I would also be interested in this feature.

ilayoon · 2018-03-12T12:07:23Z

@off99555, I saw this guy working on F1 score.
#377

andikira · 2018-03-29T14:26:55Z

Hello @off99555 , i am searching for calculate mAP from my own test data too.
I think @sandeeprepakula have a good answer, can you explain step by step how to calculate mAP from iou box ? i'm very noob in deep learning and object detection

Thanks for your help

offchan42 · 2018-03-29T17:28:37Z

@andikira I've not done it yet. I'm not sure too.

andikira · 2018-03-30T16:49:03Z

Hello @off99555 , you have to see this repo https://github.com/Cartucho/mAP then see the extra folder, you can convert .xml and .json file, that repo works perfectly with darkflow.

bareblackfoot · 2018-04-18T04:40:13Z

@andikira @thtrieu I trained the yolo2-voc network on PASCAL V0C 0712 trainval set and tested on PASCAL VOC 2007 test set, and the mAP performance is only around 52% (after quite a lot of epoches (200~) considering that I initialized it with pretrained weights). It is quite below the official performance(76.8% mAP). I want to include experimental results with my idea using YOLO v2 on my paper. Could anyone know the reason?

andikira · 2018-04-19T09:46:07Z

i have seen that issue before, please check another issue @bareblackfoot

offchan42 · 2018-05-09T02:12:53Z

@andikira The mAP repo works wonderfully. I contributed a script there too. Thank you!

srhtyldz · 2018-12-16T13:55:08Z

Can you

@andikira The mAP repo works wonderfully. I contributed a script there too. Thank you!

Could you please explain more specificially ? how does it work ? how did you get the results?

offchan42 · 2018-12-17T19:32:24Z

@srhtyldz Go to the https://github.com/Cartucho/mAP website and go to quickstart section.
The idea is that you need to clone the repo, predict your images using darkflow and then you copy the prediction files into the mAP folder. Also copy the ground-truth files.
And you do everything as the README file of mAP repo suggested and you should see mAP as a single number output.

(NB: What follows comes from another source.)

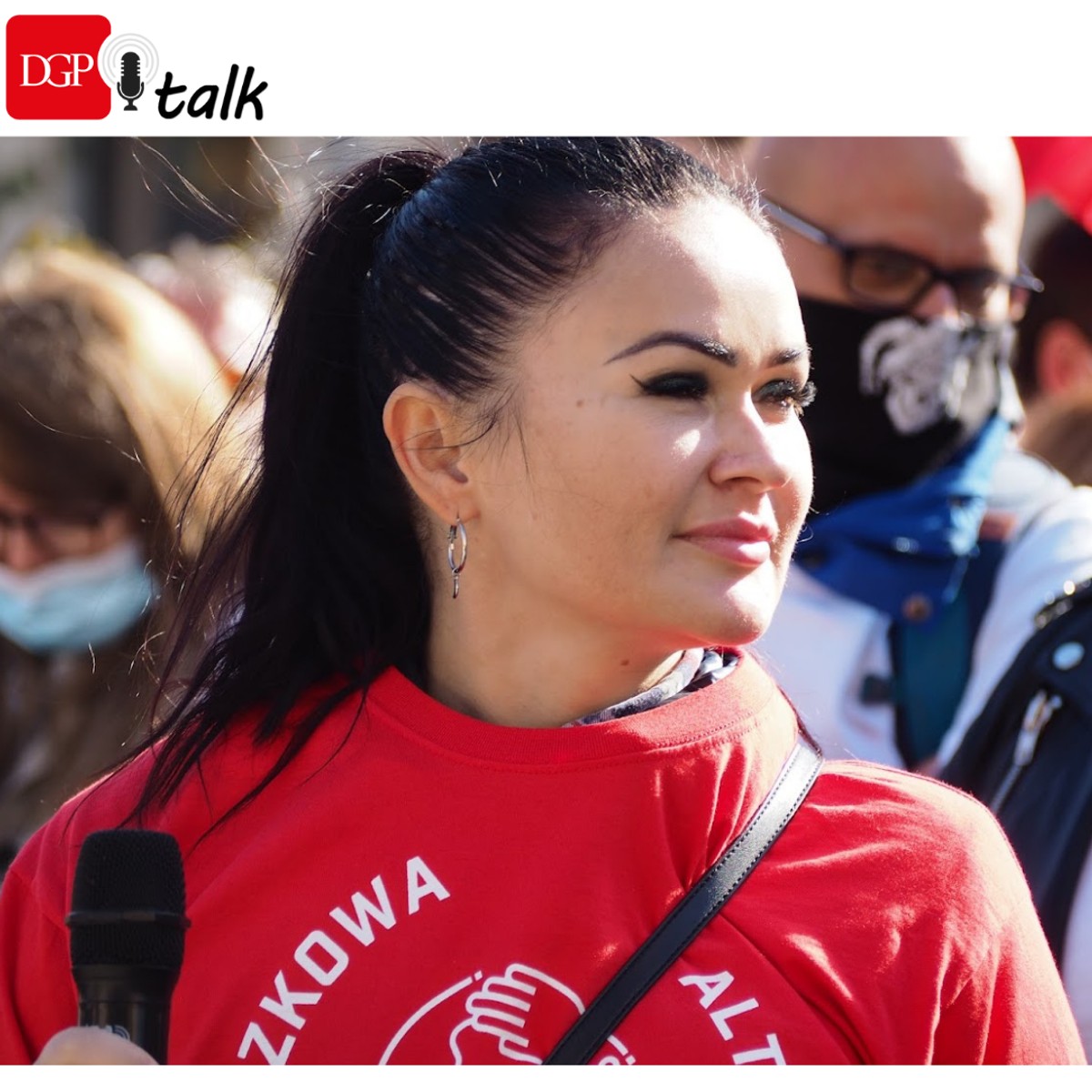 Agata Jagodzińska - Przewodnicząca Związkowej Alternatywy w Krajowej Administracji Skarbowej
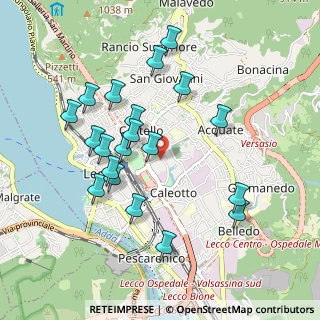 Mappa Via Cantarelli, 23900 Lecco LC, Italia (0.9255)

offchan42 · 2018-12-17T19:35:36Z

Also you need to convert your files from darkflow format to their format. They provide the script to convert darkflow format to their format here: https://github.com/Cartucho/mAP/tree/master/extra
Read the README.

srhtyldz · 2018-12-17T20:06:55Z

Also you need to convert your files from darkflow format to their format. They provide the script to convert darkflow format to their format here: https://github.com/Cartucho/mAP/tree/master/extra
Read the README.

I found out that darknet has map property .Did you try that ? Is there a difference between them or which one is more accurate ?

offchan42 · 2018-12-17T20:37:36Z

@srhtyldz I think that the algorithm is the same. Except that mAP is an algorithm that has some parameters you can set. Usually, this is manually set by the writer of the algorithm. So the only time you see they report different numbers is when they have different parameters.
I suggest you read the explanation of how mAP works so that you can understand its hidden parameter.
I tried them both. I went with darknet in my thesis because darkflow does not have the option to specify the output folder. It's critical for my senior project because I run the code on FloydHub which is a deep learning cloud that only allows you to use certain folders.

offchan42 · 2018-12-17T20:38:34Z

First I use darkflow with mAP and then I later find out that I cannot specify output path, so I switched to darknet and use its internal mAP computation.

offchan42 · 2018-12-17T20:42:31Z

And most importantly, the owner of darknet repo (the fork version with AlexeyAB as the owner) is very helpful. He answers all the issues I posted which made me finished before the deadline. It was very stressful back then. I am very thankful of him, I also wrote his name in the thesis.

srhtyldz · 2018-12-17T20:42:33Z

First I use darkflow with mAP and then I later find out that I cannot specify output path, so I switched to darknet and use its internal mAP computation.

Which variable do you want to specify ?

First I use darkflow with mAP and then I later find out that I cannot specify output path, so I switched to darknet and use its internal mAP computation.

My opinion is also for darknet.I think you can only switch with threshold by calculation mAP ? right ?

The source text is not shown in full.